Emmy-winner Marcia Wallace, who proved equally adept as both Bob Newhart’s receptionist and Bart Simpson’s teacher during a four-decade television career, has died at age 70.
Her friend, actress and writer Cathryn Michon, who co-wrote and directed Wallace’s last film Muffin Top: A Love Story, tells E! News that she died of complications from other illnesses, not breast cancer, which was widely reported.
“She was an outspoken advocate for Breast Cancer awareness, and as a game show queen, this was one game she was determined to win, and so she did,” Michon said.
The American actress died in Los Angeles of complications from pneumonia, as her son Michael Hawley has said.
Wallace won an Emmy award in 1992 for her work on The Simpsons, and the show’s executive producer Al Jean paid tribute to her in a statement posted online.
“I was tremendously saddened to learn this morning of the passing of the brilliant and gracious Marcia Wallace,” producer Al Jean said in a statement to Entertainment Weekly. “She was beloved by all at The Simpsons and we intend to retire her irreplaceable character.”
“Earlier we had discussed a potential storyline in which a character passed away,” Jean continued. “This was not Marcia’s Edna Krabappel. Marcia’s passing is unrelated and again, a terrible loss for all who had the pleasure of knowing her.”
Wallace’s Simpsons cast members took to Twitter to express their condolences.
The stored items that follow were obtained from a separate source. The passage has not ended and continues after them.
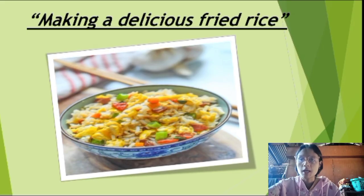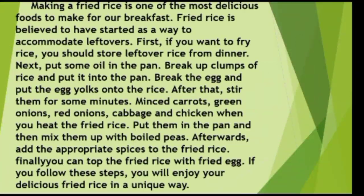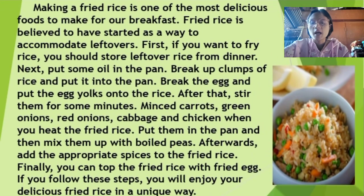Making a delicious fried rice. Fried rice is one of the most delicious foods to make for breakfast. Frying rice is believed to have started as a way to accommodate leftovers.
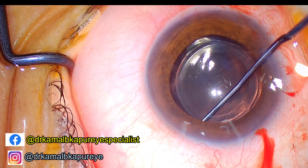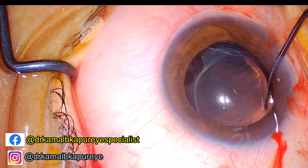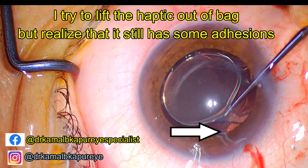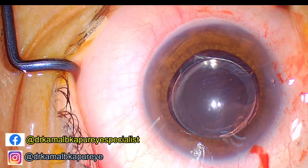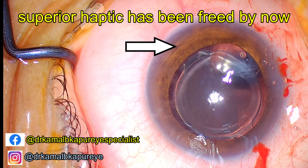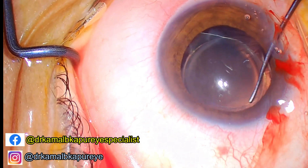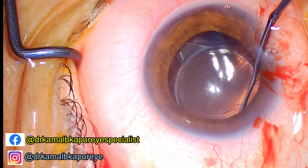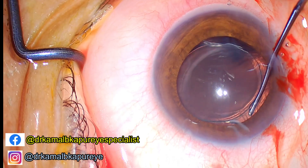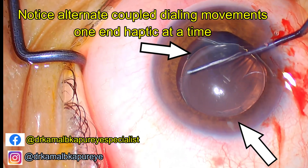Do not try to rotate the lens from one side all in one go — you could end up breaking the zonules. Make a rotation on one side and then on the other side. Once I was sure I had broken the adhesion, I de-inclivated one haptic from the side that moved freely, ensuring the anterior and posterior capsular adhesion on that haptic was broken. Then I went behind the IOL haptic and slowly tried to dislodge it from the capsular bag.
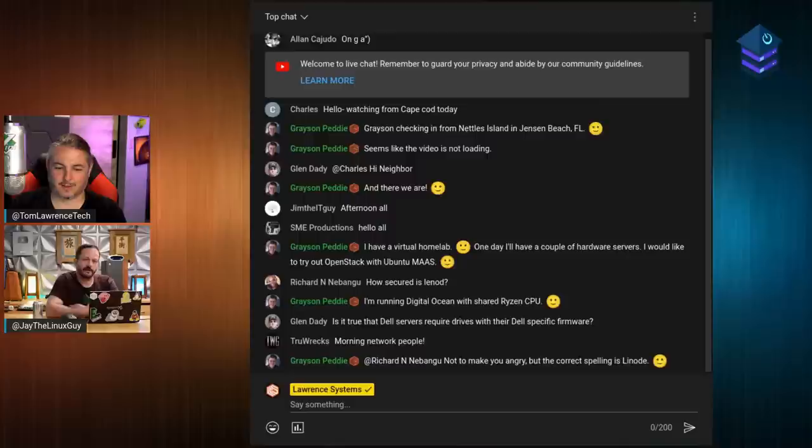Hugo is a static site generator — there's no database to maintain. If your database crashes on your WordPress server that's a big problem, but with Hugo there is no database; it just generates static pages. You maintain your content in a Git repository using Markdown, and it generates a web page from it. There's something to be said about not having that overhead, which home lab people might appreciate.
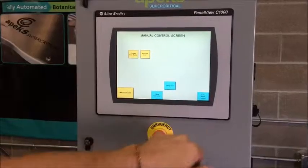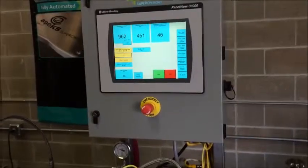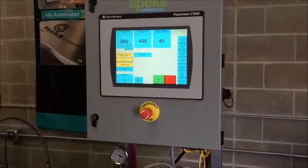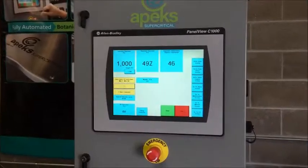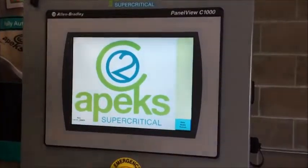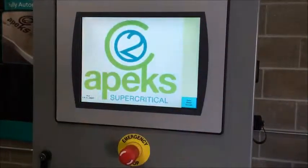If you find that top-to-bottom or bottom-to-top flow works better for you, over here on our main loop screen we have the option of reversing. There will be an option for reversing the direction of flow, so you can control whether you're flowing top-to-bottom or bottom-to-top. It's still filling, so we'll let it keep filling.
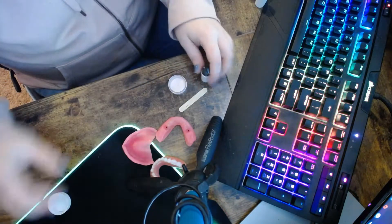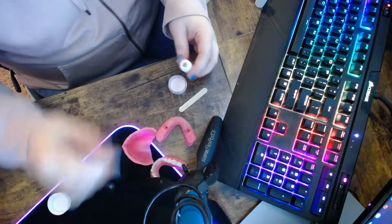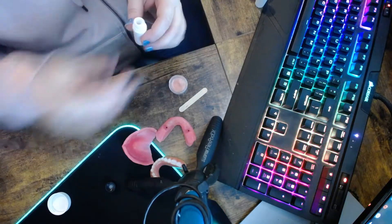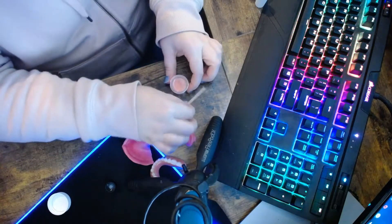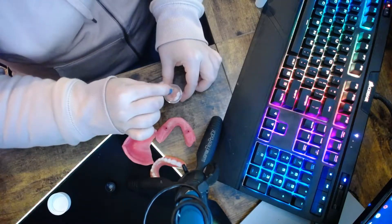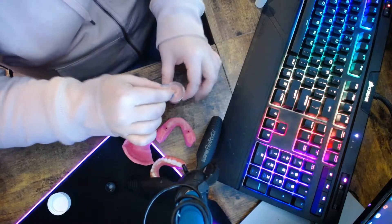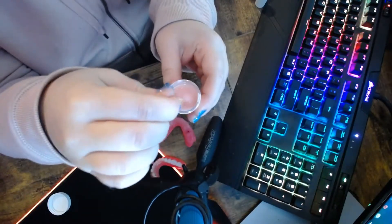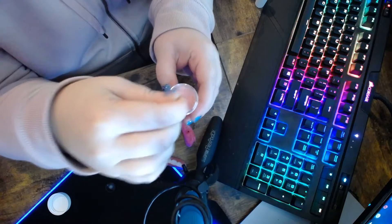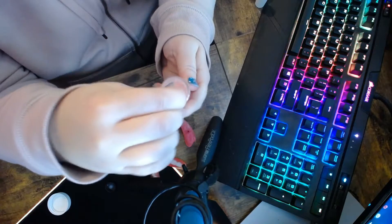We're going to go ahead and open this up. According to the directions, we just dump this whole vial in there, which is what we're going to do. And we're going to mix that up until it is slightly thicker than honey. Just go ahead and slowly stir that up so we don't get it everywhere. Right now it's very, very runny, so I'm just going to keep mixing it. Make sure to get everything off the bottom and mix it up until it starts to get thick.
“Cheers to the hilarious, kind, fab Marcia Wallace, who has taken her leave of us,”Yeardley Smith said, who is the voice of Lisa Simpson. “Heaven is now a much funnier place b/c of you.”
“So sad to learn-through Twitter, first-of the passing of the wonderful Marcia Wallace. Sorely missed already,” Harry Shearer tweeted, who has portrayed many different characters.
The longtime TV actor’s credits ranged from playing a wisecracking receptionist on The Bob Newhart Show to appearances on Candice Bergen’s Murphy Brown.
Wallace’s career began with a semi-regular stint on the “Merv Griffin Show,”and also involved successful forays on the New York and Los Angeles state where she appeared in productions of “The Vagina Monologues,” “Gypsy” and “Prisoner of Second Avenue.”
On “The Simpsons,” Wallace provided the voice for world-weary Edna Krabappel, who smoked cigarettes, made sarcastic comments and finally found love in the arms of Simpson’s neighbor Ned Flanders after fans voted online at the end of season 22 to keep the unlikely couple together.
Wallace’s trademark “Ha!” punctuated Krabappel’s frequent wisecracks, and her character was also known for the catchphrase, “Do what I mean, not what I say.”
Wallace, in addition to her roles on the two hit series, made guest appearances over the years on shows from “Bewitched” to “Murder, She Wrote” to “Full House.” She was also a regular on “The $25,000 Pyramid” and “Hollywood Squares,” reports the NY Daily News.
Wallace’s final role is in Muffin Top: A Love Story, a film set for release in 2014 in which she appears with her son, who is also an actor.
Ms. Wallace published an autobiography “Don’t Look Back, We’re Not Going that Way,” in 2004. Her husband, Dennis Hawley, died in 1992.